Zwischen Mitte und Mitte

Wenn Deutschland am Sonntag seinen neuen Bundestag wählt, dann steht ein Kopf-an-Kopf-Duell im Mittelpunkt, das vor Wochen noch ein „Triell“ zu werden schien. Armin Laschet (Union) oder Olaf Scholz (SPD) wird wohl an der Spitze einer neuen Koalitionsregierung stehen. Die einst mitfavorisierte Grüne Annalena Baerbock ist weit abgeschlagen. In der Merkel-Nachfolge lag vorne, wer im Finale die wenigsten Fehler machte. Das schien zuletzt für Scholz zu sprechen. Doch der Zieldurchlauf könnte knapp werden.
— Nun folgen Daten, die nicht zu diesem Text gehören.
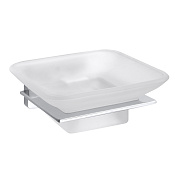 Bemeta Niki Мыльница со стеклянной чашей, подвесная, цвет: хром 153108022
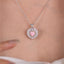 SOLID GOLD LAB-GROWN VVS FANCY VIVID PINK DIAMOND & DIAMOND PENDANT (#:SY031P-P)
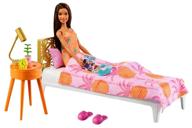 barbie doll in the bedroom with accessories grg86 beige logo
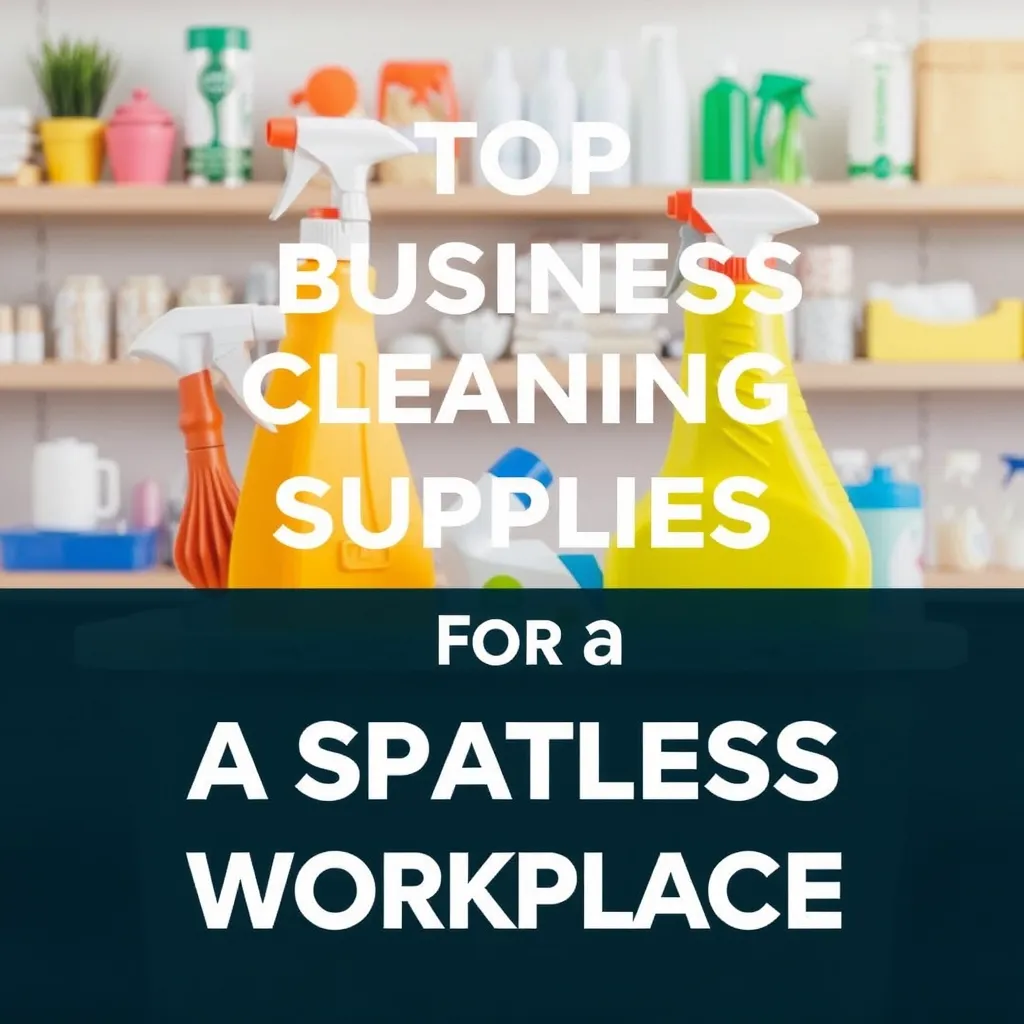 Top Business Cleaning Supplies for a Spotless Workplace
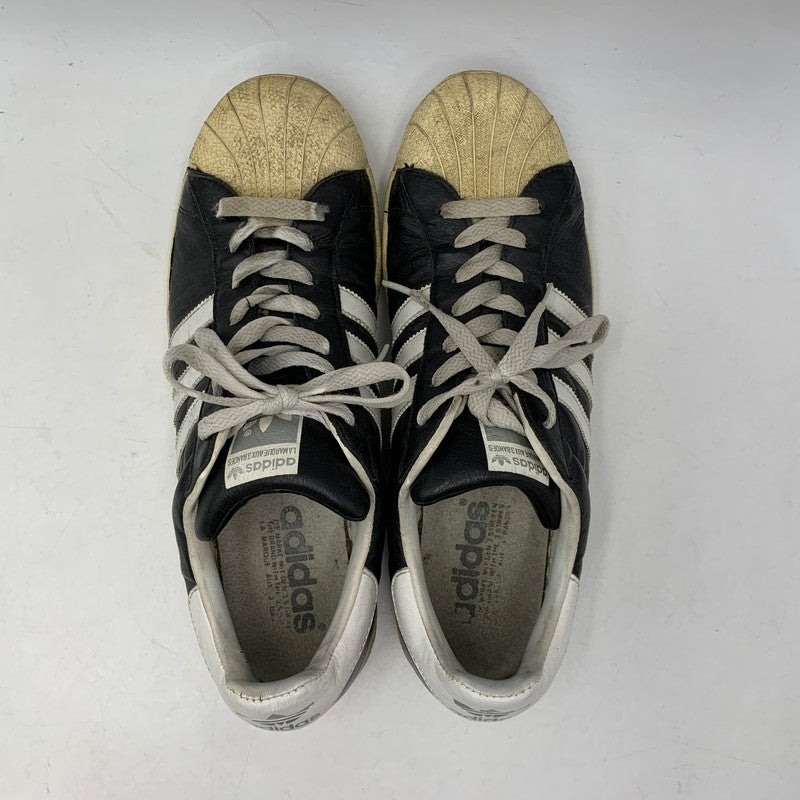 【現状渡し品】【メンズ】 ADIDAS アディダス 2000年製 00S SUPERSTAR スーパースター スニーカー シューズ 靴 161-260824-ya-25-izu サイズ：29cm カラー：ブラック×ホワイト 万代Net店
Man darf an 2002 denken.

„Die Regierung bildet, wer die Nummer eins stellt.“ Auf diese Losung, die er am Ende schon mantraartig vor sich her trug, hat sich der im Unionskandidaten-Rennen unterlegene Ministerpräsident Bayerns, Markus Söder (CSU), festgelegt. Er macht damit seinem Parteifreund Laschet Druck (Marke: Wär ich angetreten, hätten wir diese Frage nicht). Söder hat aber vielleicht bei Unentschlossenen in Deutschland doch noch einmal in Richtung einer Schicksalswahl – samt linkem Schreckgespenst – mobilisiert.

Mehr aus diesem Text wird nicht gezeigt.